Analysts also predicted prices could continue to rise, fuelled by low interest rates and “pent-up demand” which could be unleashed if uncertainty fades when Britain leaves the EU.
The latest house price index from Nationwide suggests average prices have grown by 0.2% over the past month, and are 0.4% higher than a year ago.
The average UK property was sold for £215,368, with price growth below 1% for an 11th month in a row.
Prices are on average £800 higher than a year ago, compared with a £9,100 increase over the same period to October 2016.
Robert Gardner, chief economist at Nationwide, said growth appeared to have slowed because of weaker global economic growth and an “intensifying of Brexit uncertainty.”
But he said underlying conditions in the housing market had remained “broadly stable” despite fears Britain could have crashed out of the EU without a deal at the end of October.
The number of mortgages approved has remained fairly consistent over the past two years.
“Solid labour market conditions and low borrowing costs appear to be offsetting the drag from the uncertain economic outlook The question is whether this pattern will continue,” he said.
“There were tentative signs of a softening in the jobs market in the three months to August, as employment fell, unemployment rose, and wage growth slowed a little.

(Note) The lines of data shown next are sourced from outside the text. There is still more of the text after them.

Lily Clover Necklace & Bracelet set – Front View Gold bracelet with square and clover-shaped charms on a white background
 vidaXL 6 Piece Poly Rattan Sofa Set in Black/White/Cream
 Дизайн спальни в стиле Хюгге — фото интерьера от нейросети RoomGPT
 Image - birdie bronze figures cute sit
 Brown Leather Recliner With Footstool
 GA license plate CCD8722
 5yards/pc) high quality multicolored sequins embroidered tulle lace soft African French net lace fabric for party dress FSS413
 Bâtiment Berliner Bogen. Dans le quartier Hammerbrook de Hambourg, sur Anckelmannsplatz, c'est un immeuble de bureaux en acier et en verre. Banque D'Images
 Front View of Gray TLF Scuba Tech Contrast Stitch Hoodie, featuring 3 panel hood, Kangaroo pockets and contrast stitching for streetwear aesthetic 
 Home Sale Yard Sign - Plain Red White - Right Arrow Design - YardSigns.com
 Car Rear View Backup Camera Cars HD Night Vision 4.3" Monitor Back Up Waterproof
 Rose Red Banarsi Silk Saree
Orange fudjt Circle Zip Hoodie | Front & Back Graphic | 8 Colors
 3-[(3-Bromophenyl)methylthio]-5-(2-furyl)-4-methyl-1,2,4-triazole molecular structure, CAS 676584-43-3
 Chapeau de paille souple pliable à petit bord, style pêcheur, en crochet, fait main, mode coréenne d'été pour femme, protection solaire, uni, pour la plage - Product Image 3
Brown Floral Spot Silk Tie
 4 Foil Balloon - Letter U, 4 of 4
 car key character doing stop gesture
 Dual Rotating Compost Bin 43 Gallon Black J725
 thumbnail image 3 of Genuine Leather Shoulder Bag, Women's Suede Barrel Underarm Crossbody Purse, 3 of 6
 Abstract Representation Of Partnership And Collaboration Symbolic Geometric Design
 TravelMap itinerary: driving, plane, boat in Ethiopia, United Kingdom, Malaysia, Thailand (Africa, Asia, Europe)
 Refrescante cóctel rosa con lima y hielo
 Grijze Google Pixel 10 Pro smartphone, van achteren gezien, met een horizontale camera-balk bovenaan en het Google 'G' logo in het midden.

“However, monthly data is often volatile and the unemployment rate remains close to 40 year lows and real earnings growth (i.e. after taking account of inflation) is close to levels prevailing before the financial crisis.
“Moreover, mortgage rates remain close to all-time lows – more than 95% of borrowers have opted for fixed rate deals in recent quarters, around half of which have opted to fix for five years.”
Gardner said potential UK interest rate rises in the years ahead were “likely to be capped” by global trends, with weak growth around the world sustaining downward pressure on rates.
Samuel Tombs, chief UK economist at Pantheon Macroeconomics, said falling rates could push up price growth.
"Past precedent suggests that the majority of the decline in mortgage rates will feed through to higher prices, not lower interest payments. Accordingly, we expect house prices to rise at a slightly faster pace next year," said Tombs.
Jeremy Leaf, a north London estate agent and former residential chairman of the Royal Institute of Chartered Surveyors, said the figures suggested no “fireworks in the market” were visible or likely over the next few months.
'What we are seeing on the ground is a continuing determination to find common price ground between buyer and seller, which is reflected in no real change to these steady transaction numbers,” he said.
“There is no doubt, as far as we are concerned, that pent-up demand remains just waiting for the Brexit gun to fire before releasing what we expect to be a modest improvement in prices and activity.”